Records from a dataset
───

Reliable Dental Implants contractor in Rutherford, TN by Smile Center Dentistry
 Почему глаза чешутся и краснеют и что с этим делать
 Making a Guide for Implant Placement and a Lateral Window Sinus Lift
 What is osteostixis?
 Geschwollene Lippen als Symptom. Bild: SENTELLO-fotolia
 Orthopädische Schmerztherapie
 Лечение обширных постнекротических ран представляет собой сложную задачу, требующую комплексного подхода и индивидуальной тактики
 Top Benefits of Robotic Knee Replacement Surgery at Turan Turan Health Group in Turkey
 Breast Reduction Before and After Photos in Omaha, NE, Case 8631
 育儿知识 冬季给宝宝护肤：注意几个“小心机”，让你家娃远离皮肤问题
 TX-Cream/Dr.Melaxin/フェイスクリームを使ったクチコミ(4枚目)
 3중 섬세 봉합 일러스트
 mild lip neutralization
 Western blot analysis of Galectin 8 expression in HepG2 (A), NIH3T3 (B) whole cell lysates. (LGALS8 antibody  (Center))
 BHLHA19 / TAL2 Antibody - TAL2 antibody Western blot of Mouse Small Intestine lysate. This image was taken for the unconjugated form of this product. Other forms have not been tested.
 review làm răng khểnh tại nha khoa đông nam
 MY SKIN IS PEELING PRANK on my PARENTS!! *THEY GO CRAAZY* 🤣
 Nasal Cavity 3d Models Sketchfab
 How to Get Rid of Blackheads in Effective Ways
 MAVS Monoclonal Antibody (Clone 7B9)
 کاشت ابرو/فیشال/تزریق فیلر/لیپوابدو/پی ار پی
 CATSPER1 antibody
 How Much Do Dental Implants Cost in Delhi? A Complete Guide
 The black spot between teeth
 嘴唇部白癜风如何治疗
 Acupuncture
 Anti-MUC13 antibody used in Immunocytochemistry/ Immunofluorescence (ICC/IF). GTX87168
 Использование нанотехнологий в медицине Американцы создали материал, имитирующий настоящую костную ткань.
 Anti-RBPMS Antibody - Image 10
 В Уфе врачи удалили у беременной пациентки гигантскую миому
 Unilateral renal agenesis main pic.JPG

───

Assigned task
Could you repeat exactly the lines above from the line with "Лечение обширных постнекротических" up to and including the line with "3중 섬세 봉합 일러스트", and only those?

Finished task
 Лечение обширных постнекротических ран представляет собой сложную задачу, требующую комплексного подхода и индивидуальной тактики
 Top Benefits of Robotic Knee Replacement Surgery at Turan Turan Health Group in Turkey
 Breast Reduction Before and After Photos in Omaha, NE, Case 8631
 育儿知识 冬季给宝宝护肤：注意几个“小心机”，让你家娃远离皮肤问题
 TX-Cream/Dr.Melaxin/フェイスクリームを使ったクチコミ(4枚目)
 3중 섬세 봉합 일러스트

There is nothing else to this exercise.